Subsidiary Standing. The Court recognized that, in the absence of direct evidence of an exclusive relationship, an otherwise nonexclusive licensee might have standing to pursue an infringement action. But where, as here, the license agreement contained a covenant not to sue and a grant of a “non-exclusive” license, the written agreement trumped any collateral evidence of an exclusive relationship.
Willful Infringement. The Court also found that Defendant Genencor willfully infringed Novozymes’s patent by continuing to sell its competing product after receiving notice of allowance of Novozymes’s claims.
“[N]ot only did Genencor continue to manufacture and sell Spezyme Ethyl, it also applied for its own patent claiming what appears to be, in essence, the same technology. Taken together, Genencor’s behavior suggests that it deliberately continued to infringe Novozymes’s claims on technology that Genencor itself believed was patentable.” (slip op. at 31)
Genencor’s decision to wait to pull its product from the market until after a decision in the first phase of trial also weighed on the Court’s willfulness finding: “Genencor failed to exercise due care when it chose to continue making and selling the accused product until the end of the liability phase of this trial.” (slip op. at 32)
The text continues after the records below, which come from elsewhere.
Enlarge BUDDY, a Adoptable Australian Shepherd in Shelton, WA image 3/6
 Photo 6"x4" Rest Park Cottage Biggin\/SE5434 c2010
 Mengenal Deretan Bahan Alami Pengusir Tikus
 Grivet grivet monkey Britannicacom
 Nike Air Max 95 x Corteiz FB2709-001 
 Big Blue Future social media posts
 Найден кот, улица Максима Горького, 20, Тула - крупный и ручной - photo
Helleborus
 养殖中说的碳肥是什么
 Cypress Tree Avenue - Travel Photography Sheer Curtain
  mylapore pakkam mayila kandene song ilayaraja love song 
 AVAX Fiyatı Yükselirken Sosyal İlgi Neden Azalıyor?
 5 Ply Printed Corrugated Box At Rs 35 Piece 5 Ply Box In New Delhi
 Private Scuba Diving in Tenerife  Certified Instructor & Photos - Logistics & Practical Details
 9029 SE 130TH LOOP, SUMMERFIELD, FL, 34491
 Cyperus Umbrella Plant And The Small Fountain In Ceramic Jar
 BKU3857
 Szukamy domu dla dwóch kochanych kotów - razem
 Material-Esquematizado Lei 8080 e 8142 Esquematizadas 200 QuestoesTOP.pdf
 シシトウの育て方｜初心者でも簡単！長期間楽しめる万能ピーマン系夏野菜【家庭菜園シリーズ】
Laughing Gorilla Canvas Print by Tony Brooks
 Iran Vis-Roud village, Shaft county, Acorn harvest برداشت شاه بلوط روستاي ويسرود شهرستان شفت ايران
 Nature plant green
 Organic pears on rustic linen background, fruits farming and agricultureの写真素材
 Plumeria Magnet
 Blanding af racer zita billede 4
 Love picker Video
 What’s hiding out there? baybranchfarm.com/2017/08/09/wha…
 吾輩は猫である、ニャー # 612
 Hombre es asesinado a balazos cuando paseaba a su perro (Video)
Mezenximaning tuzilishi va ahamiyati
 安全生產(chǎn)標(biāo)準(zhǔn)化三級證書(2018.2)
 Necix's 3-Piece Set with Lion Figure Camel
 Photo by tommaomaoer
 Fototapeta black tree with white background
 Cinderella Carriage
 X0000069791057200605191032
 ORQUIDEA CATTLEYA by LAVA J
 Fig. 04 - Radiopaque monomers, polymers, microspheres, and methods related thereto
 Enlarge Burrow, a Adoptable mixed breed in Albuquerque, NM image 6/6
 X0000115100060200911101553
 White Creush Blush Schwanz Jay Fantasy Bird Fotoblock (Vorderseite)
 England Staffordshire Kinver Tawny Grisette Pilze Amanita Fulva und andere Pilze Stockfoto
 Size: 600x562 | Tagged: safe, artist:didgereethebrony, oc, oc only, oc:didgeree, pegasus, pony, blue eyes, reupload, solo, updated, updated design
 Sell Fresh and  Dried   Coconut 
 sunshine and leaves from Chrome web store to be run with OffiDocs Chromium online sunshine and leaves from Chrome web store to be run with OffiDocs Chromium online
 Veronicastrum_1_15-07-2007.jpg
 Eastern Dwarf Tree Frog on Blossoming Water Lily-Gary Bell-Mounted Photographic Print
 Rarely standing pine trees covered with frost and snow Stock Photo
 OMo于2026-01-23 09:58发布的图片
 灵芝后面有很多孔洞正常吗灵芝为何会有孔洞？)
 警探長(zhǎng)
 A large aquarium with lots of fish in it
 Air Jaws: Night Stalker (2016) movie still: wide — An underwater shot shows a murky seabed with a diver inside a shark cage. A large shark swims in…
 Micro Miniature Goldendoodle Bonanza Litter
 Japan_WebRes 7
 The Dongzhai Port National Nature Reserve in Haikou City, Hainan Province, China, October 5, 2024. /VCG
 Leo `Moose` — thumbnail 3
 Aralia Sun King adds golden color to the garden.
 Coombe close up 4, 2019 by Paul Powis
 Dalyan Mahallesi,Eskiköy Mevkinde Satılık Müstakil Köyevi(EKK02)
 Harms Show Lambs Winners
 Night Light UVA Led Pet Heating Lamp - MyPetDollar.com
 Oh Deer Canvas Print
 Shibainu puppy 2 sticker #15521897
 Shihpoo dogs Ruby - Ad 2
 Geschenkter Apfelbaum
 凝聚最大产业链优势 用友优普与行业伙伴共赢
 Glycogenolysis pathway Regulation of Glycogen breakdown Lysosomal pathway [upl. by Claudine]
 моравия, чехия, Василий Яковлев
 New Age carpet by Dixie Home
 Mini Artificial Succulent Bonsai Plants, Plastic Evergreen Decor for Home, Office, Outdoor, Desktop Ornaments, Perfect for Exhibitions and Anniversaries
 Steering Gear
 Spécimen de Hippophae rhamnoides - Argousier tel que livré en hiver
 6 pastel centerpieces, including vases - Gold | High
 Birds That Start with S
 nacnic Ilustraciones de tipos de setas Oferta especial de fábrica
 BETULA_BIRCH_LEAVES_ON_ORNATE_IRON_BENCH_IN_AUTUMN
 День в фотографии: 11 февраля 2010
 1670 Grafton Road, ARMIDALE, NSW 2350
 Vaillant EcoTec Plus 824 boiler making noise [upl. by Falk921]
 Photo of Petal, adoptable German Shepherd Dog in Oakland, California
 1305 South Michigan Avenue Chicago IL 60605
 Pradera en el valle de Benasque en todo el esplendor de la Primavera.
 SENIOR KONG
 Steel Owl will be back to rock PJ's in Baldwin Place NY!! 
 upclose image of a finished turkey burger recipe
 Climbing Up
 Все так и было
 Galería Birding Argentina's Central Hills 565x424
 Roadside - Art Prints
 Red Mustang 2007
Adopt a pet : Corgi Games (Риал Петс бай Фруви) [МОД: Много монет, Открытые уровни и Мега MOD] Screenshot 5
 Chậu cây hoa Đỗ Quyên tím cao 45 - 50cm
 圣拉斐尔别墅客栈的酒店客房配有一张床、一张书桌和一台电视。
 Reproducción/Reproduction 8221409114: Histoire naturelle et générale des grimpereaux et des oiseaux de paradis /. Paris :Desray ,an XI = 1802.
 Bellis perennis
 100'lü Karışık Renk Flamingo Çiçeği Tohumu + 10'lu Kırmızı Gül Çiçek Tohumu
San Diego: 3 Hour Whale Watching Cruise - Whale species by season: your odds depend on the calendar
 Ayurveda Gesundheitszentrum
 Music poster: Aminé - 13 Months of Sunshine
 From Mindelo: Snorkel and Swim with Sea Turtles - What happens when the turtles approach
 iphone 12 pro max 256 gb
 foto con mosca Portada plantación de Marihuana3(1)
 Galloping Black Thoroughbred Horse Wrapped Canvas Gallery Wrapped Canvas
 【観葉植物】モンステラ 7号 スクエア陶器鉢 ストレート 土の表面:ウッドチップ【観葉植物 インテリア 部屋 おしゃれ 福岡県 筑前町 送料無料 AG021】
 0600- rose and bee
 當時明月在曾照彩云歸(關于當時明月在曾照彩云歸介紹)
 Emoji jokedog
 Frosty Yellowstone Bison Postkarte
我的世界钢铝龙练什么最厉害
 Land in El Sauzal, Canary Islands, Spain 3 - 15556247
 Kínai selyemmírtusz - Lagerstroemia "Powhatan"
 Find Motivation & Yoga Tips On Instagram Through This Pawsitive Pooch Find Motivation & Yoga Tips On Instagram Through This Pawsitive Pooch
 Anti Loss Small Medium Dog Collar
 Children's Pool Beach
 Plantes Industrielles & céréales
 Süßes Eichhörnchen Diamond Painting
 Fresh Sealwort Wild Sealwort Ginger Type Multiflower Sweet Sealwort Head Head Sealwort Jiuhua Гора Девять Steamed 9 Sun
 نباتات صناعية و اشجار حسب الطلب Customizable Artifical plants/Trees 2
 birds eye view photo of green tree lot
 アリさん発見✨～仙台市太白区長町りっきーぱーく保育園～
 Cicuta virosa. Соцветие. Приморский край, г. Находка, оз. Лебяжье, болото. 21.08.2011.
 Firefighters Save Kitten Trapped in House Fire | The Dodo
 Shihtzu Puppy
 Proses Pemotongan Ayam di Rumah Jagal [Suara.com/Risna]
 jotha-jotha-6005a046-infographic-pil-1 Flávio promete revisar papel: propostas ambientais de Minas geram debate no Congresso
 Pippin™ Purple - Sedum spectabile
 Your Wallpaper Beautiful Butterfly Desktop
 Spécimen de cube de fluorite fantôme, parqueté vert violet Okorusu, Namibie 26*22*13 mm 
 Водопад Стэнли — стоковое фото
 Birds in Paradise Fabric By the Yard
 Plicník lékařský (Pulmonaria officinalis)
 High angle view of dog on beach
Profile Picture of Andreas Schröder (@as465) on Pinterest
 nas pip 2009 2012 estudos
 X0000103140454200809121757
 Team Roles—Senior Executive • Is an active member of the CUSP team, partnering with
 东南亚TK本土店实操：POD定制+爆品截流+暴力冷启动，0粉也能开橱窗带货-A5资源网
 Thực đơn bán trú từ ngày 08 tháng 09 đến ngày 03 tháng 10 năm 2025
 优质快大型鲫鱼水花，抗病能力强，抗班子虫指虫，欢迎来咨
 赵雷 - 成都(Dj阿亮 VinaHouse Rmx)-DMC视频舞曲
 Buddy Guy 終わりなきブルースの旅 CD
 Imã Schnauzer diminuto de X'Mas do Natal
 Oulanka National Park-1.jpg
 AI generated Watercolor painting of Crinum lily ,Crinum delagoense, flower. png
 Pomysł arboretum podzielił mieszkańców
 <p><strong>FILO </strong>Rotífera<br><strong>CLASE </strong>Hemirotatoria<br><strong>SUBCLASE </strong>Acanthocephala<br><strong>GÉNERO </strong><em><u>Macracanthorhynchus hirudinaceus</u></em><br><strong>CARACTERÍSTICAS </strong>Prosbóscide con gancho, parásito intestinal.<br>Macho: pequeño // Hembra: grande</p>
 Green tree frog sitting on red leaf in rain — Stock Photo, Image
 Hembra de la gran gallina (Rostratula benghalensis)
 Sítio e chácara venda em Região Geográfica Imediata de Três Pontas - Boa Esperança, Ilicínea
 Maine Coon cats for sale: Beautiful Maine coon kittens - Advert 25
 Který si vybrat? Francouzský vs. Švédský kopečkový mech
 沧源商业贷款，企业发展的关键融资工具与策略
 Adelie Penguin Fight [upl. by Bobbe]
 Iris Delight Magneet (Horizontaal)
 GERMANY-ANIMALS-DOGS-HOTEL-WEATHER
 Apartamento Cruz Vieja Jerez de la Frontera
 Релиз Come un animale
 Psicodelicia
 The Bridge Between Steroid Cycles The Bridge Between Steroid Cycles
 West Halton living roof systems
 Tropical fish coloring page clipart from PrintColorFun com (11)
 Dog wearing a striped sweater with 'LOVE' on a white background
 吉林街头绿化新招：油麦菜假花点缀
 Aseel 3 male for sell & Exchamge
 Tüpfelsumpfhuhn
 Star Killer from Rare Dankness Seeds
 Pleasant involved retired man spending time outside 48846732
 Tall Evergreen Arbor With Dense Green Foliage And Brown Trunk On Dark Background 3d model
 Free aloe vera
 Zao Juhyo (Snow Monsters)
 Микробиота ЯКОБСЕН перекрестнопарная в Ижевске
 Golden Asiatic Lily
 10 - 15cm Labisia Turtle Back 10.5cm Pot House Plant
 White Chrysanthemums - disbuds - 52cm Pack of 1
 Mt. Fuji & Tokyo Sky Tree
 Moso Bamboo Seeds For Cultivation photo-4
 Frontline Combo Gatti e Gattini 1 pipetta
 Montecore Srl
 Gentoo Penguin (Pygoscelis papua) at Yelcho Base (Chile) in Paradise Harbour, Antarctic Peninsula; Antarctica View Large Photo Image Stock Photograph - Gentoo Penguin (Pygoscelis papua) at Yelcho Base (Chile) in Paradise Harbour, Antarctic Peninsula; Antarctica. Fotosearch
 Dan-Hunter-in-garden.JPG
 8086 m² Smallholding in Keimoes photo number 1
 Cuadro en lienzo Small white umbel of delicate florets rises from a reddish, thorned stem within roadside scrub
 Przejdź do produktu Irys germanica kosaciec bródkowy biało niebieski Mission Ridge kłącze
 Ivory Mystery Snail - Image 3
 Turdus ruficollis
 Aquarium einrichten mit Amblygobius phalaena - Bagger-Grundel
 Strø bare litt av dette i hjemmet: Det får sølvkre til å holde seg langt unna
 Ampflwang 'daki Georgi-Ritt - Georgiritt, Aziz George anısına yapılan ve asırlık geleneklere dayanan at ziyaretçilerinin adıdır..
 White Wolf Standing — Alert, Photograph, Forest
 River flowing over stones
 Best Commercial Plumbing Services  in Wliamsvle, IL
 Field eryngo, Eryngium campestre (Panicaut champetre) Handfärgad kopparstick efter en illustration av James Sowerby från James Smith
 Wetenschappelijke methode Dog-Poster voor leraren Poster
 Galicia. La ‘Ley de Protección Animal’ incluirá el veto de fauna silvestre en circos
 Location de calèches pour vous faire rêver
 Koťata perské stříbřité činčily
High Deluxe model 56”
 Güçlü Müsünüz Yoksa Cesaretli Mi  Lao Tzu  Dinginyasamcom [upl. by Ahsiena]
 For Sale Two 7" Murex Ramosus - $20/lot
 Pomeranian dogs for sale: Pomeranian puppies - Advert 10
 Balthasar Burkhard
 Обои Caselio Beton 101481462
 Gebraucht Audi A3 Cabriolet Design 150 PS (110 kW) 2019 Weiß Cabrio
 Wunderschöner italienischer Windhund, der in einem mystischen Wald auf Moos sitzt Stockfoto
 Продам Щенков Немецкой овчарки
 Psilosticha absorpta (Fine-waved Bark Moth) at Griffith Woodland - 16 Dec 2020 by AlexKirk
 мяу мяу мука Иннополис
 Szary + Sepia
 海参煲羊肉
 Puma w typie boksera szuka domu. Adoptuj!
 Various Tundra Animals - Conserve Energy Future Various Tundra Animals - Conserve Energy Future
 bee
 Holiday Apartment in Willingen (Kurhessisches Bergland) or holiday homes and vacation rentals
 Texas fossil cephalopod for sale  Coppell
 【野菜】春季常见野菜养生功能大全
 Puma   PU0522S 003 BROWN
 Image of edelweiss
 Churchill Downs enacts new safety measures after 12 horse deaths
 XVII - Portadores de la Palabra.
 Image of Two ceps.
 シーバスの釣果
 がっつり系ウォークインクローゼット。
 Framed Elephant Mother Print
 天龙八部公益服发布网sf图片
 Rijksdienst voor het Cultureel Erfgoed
Permanent Injunctive Relief. The Court also found that, because the parties are direct competitors, permanent injunctive relief is warranted.
“[T]he statutory right to exclude represents a benefit that, under these circumstances, cannot be equated by an award of cash. These are head-to-head competitors, and Novozymes has a right, granted by Congress, not to assist its rival with the use of proprietary technology.” (slip op. at 37)
Interestingly, the Court noted that this legal-remedy analysis would apply regardless of whether Novozymes was awarded a reasonable royalty or lost profits.
, C.A. No. 05-160-KAJ (D. Del. Feb. 16, 2007) (Jordan, J.).